Ittō's battle culminates in his facing the governor's army, perhaps 200 men, singlehandedly. For the first time, the baby cart is revealed as holding an entire arsenal of weaponry, including spears, daggers, a bullet-proof shield, and a small battery of guns. All of the governor's men are killed, as Ittō first kills half of them with the baby cart's firepower and the rest with his sword and other weapons. The governor is the last to die when Ittō, losing his sword as he falls down an embankment, takes out the sharpshooter's pistols and shoots him.

Word of the coming fight has been passed to neighboring districts, and the rōnin Kanbei appears just after Ittō has slain the governor, and again demands a duel. Though battle-weary, this time Ittō accepts. The fight is over in an instant: Ittō is sliced across his back, but Kanbei is mortally wounded, impaled on Ittō's Dōtanuki katana.

As Kanbei dies, he tells Ittō the story of why he became a rōnin: When his master's convoy was ambushed, Kanbei, seeing his forces outnumbered, seized an opportunity and ran ahead to attack the enemy head on, surprising them, and saving the lord's life. However, because he had left his lord's side, he was dishonored and expelled from the clan. When Kanbei asks what is the true "Way of the Warrior", and if he had done wrong by attacking, Ittō replies that Bushido is not to simply live or die but to live through death. He confirms that he would have acted just as Kanbei had. The dying Kanbei asks the former Kogi Kaishakunin to act as his "second" during his seppuku, which Ittō is honored to do.

As Ittō leaves, pushing the cart holding Daigoro, Torizo, who had been watching everything from a distance, begins to run after him.
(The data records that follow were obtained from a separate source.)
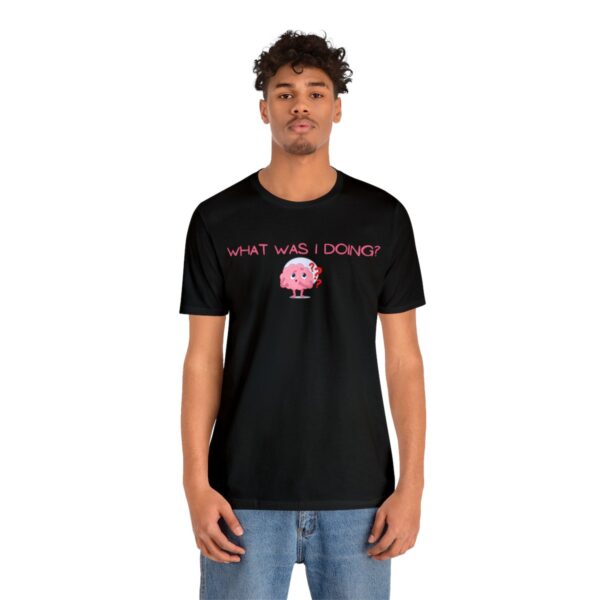Brat Life "What was I doing?" Unisex Jersey Short Sleeve Tee - Image 4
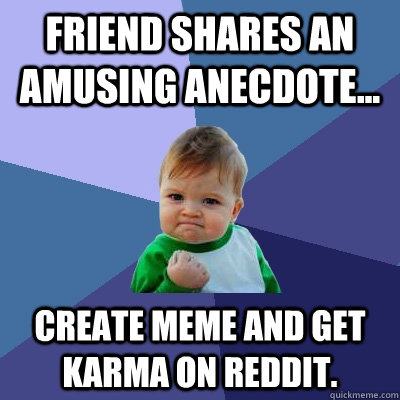 Friend shares an amusing anecdote... Create meme and get karma on reddit. - Friend shares an amusing anecdote... Create meme and get karma on reddit.  Success Kid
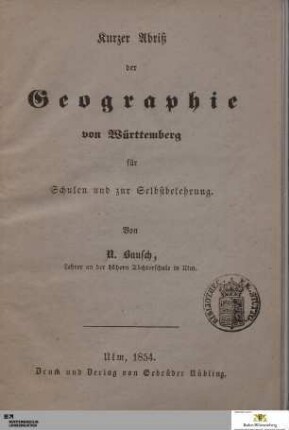 Kurzer Abriß der Geographie von Württemberg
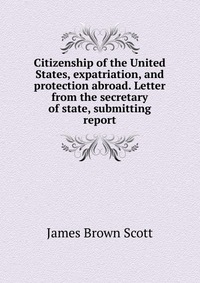 Citizenship of the United States, expatriation, and protection abroad. Letter from the secretary of state, submitting report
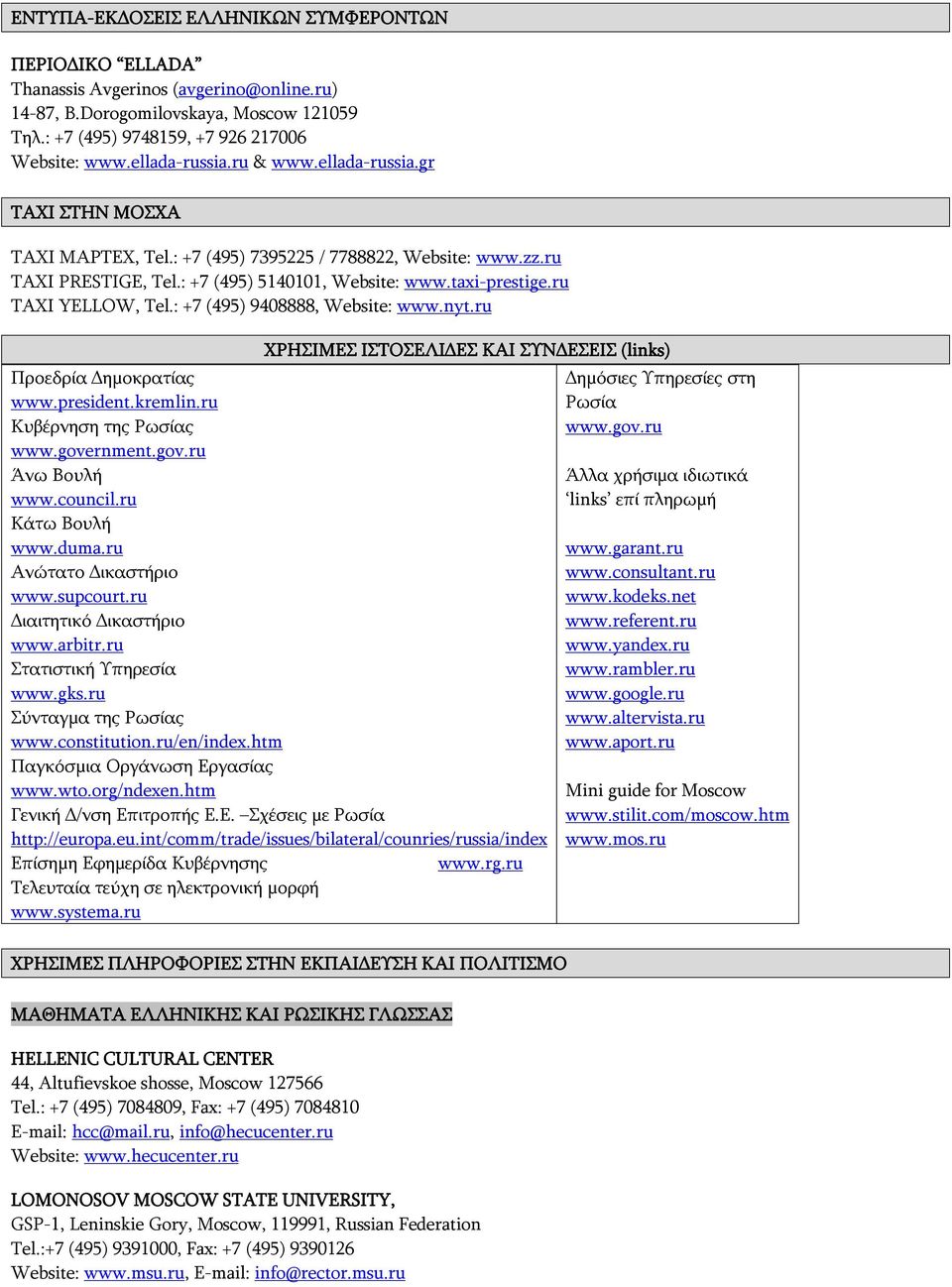 ru TAXI YELLOW, Tel.: +7 (495) 9408888, Website: www.nyt.ru ΧΡΗΣΙΜΕΣ ΙΣΤΟΣΕΛΙΔΕΣ ΚΑΙ ΣΥΝΔΕΣΕΙΣ (links) Προεδρία Δημοκρατίας www.president.kremlin.ru Κυβέρνηση της Ρωσίας www.government.gov.ru Άνω Βουλή www.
She is stopped by her men, who implore her not to approach Ittō, saying he is not human but a devil.

==Cast==
- Tomisaburo Wakayama as Ogami Ittō
- Akihiro Tomikawa as Daigoro
- Go Kato as Kanbei
- Yuko Hamada as Torizo
- Isao Yamagata as Sawatari Genba

==Production==
- Yoshinobu Nishioka - Art direction

==Release==
Lone Wolf and Cub: Baby Cart to Hades was released theatrically in Japan on 2 September 1972 where it was distributed by Toho. An American version was released by Toho International with English subtitles in August 1974. It was later released with an English-language dub by Columbia Pictures under the title Lightning Swords of Death in August 1973.

The film was released to home video in its original Japanese version with English subtitles as Lone Wolf and Cub - Baby Cart to Hades by Samurai Cinema, a division of AnimEigo. An alternate version titled Lightning Swords of Death which was closer to the Columbia release was released on home video in 2007.

==Reception==
In a contemporary review, Tony Rayns (Monthly Film Bulletin) stated that the film may resemble an art film to a Western audience where "Misumi and his writer are concerned to revalidate the samurai code every bit as earnestly as movies like Harakiri question it; the result aligns itself directly with those of, say, Mishima's book Sun and Steel." Rayns continued that Misumi's style is "typically Japanese" in its "static, slow, contemplative view of the action, reserving bravua effects for the moments of climax." and that "Though graphic, the violence is not presented exploitatively; any 'kicks' to be had are confined to the placid close-ups of a severed head or limb, the hideous/magnificent aftermath of violence."